DATA SEGMENT »
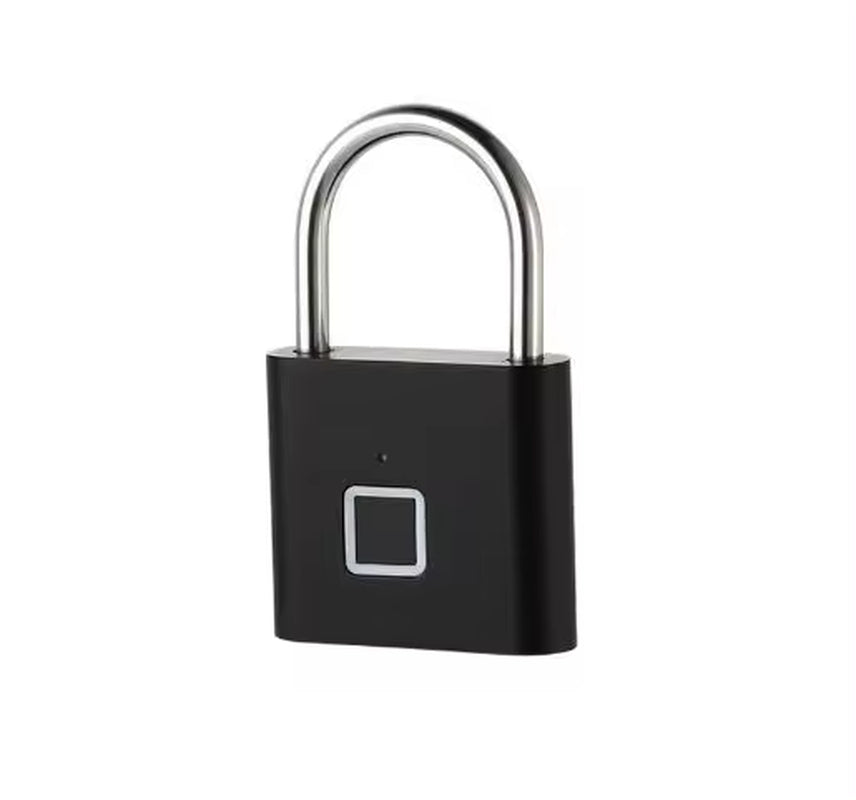 Portable Fingerprint Padlock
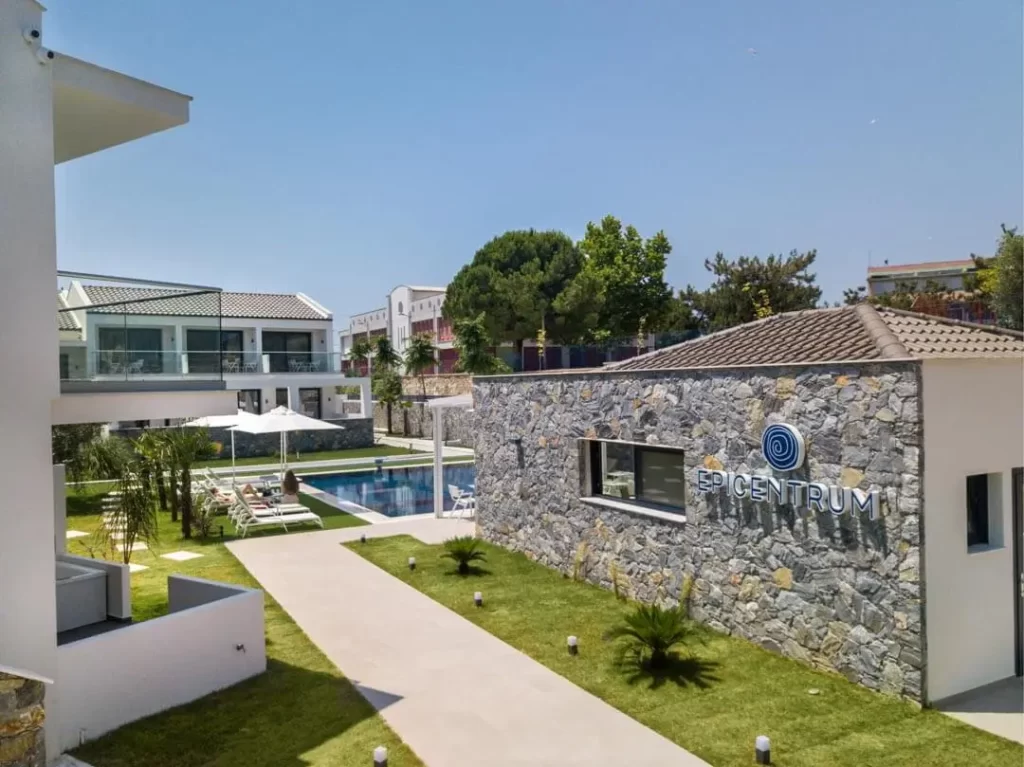 Epicentrum Suites Thassos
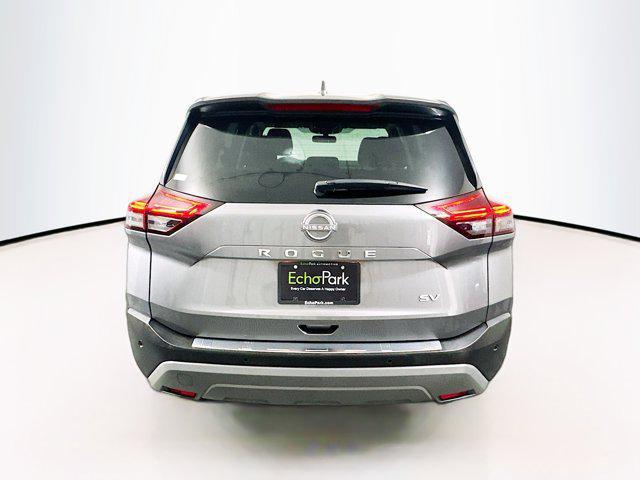 used 2023 Nissan Rogue car, priced at $18,496
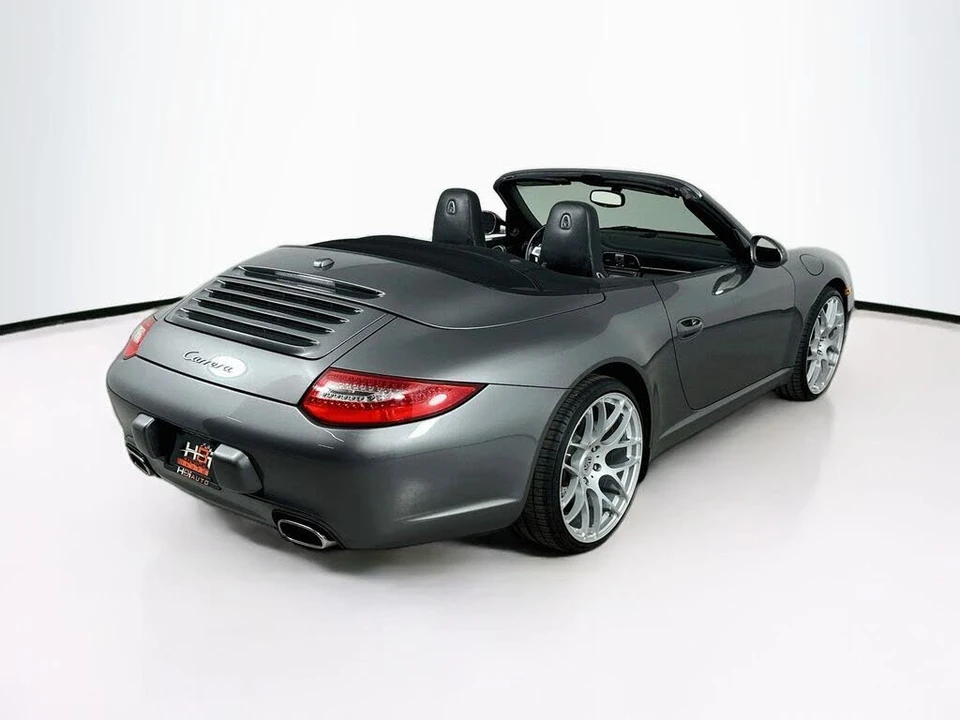 2011 Porsche 997 Carrera - Image 26 of 26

PROBLEM »
Would you transcribe the listing above line by line, exactly, leaving every picture out?

EXERCISE RESPONSE »
 Portable Fingerprint Padlock
 Epicentrum Suites Thassos
 used 2023 Nissan Rogue car, priced at $18,496
 2011 Porsche 997 Carrera - Image 26 of 26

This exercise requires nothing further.